Giant Electric Pea 2019
Caring about the place we’re all in, international ensemble serve up tuneful analysis of what’s going on.
Sustainable environmental practices might look like a tall order to promote through music, yet this is what Mark Trueack and Steve Unruh – known for their roles in, respectively, UNITOPIA and RESISTOR – have been aspiring to as UPF for five years now, since “Fall In Love With The World” announced the advent of their movement. “Loss” – a first part of duology to be rounded off with “Hope” further down the line – is taking the idea to a more dramatic direction, exquisitely so. Despite its three-part structure, suggesting a concept, the songs’ context never gets in the way of melody, and at no point the record lets itself pander to prog purity or permit the presence of stellar guests to lead the discourse astray.
Stricken with folk sensibility from the anthemic start till the defiant riffs behind “Loss To Lost” set optimism into the album’s heart, there’s a natural, organic flow to this dozen pieces, where orchestral textures of “What Happens Now” unfold into Unruh’s flute-and-fiddle-abetted vaudevillian parade – running via the variety of styles, art-rock to fusion, and upping the sociopolitical paranoia, while snippets of spoken word from the likes of Sir David Attenborough deepen the sense of urgent relevance. So if mini-epics such as “Mercenaries” or “Cruel Times” sound a tad theatrical, especially when bossa nova rubs piano-padded shoulders with space passages and Trueack-conducted vocal polyphony reigns supreme, they’re extremely sincere – and the songwriters don’t shy away from sarcasm, either, to spice up the funky “Stop-Time” and “What Are We Doing To Ourselves” which, otherwise, would see too frivolous.
The same can’t be said about the flamenco-tinctured, if sparse, “Forgive Me, My Son” that’s simultaneously projecting anxiety and awe, nor about the grandiose “Seeds For Life” whose near 20-minute pulsating expanse is kept in check thanks to Steve Hackett‘s acoustic lace and Michel St-Père’s electric flight, yet the baroque beauty of “Dying To Be Reborn” has its raga-kissed solemnity nicely compromised with the band’s deliberately simple delivery.

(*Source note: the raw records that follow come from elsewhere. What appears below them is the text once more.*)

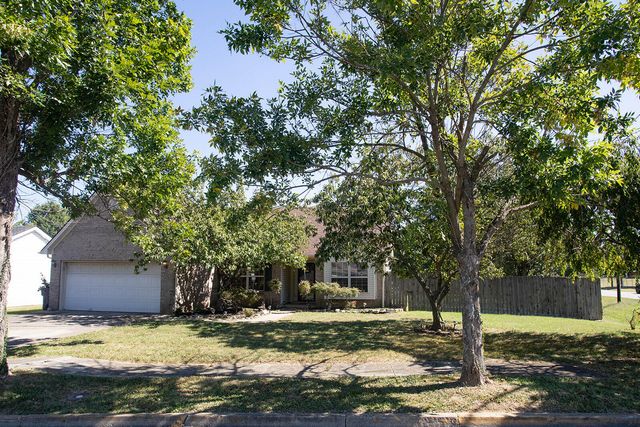 800 Burkewood Drive, Lexington, KY 40509
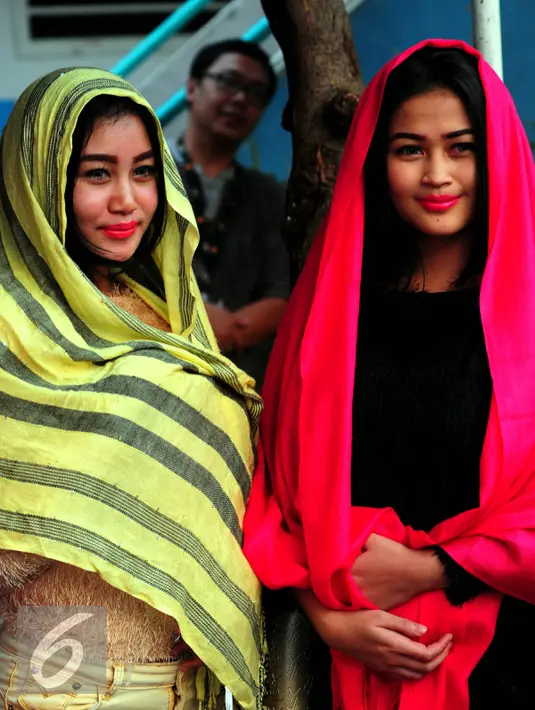 Selama Ramadan, Pamela dan Ovi mengurangi jadwal manggung mereka. Keduanya juga mengatakan, kini lebih jarang keluar rumah, Jakarta, Jumat, (19/6/2015). (Liputan6.com/Faisal R Syam)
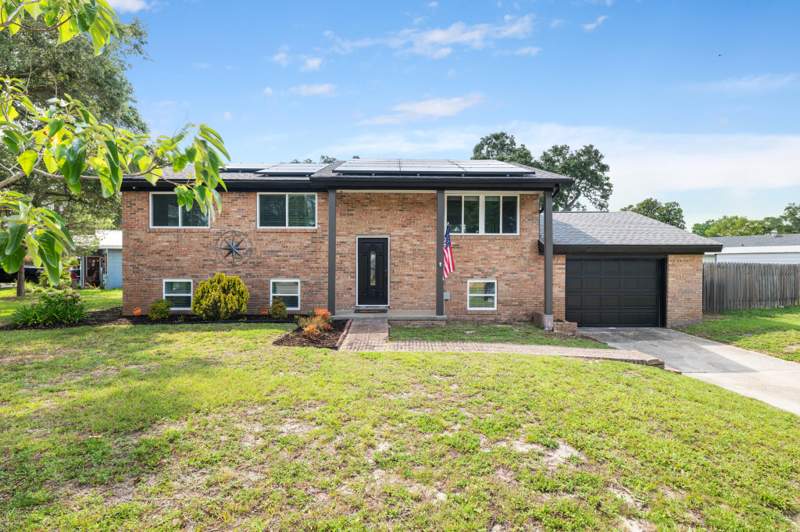 5 bedroom Detached Single Family at 102 NW Robinwood Drive, Bel-Air S/D Lot 10 Blk 6, Fort Walton Beach — photo 2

Some of these numbers appear in significantly different guise on a disc called “Reimagine” – a record from ROMANTECHS, the UPF offshoot which finds a mellower disposition for the main band’s efforts, providing a pocket universe to their oeuvre by going far beyond creating alternative mixes. A nice bonus to an already impressive album, together they amount to a multilayered experience to live up to an order of any height.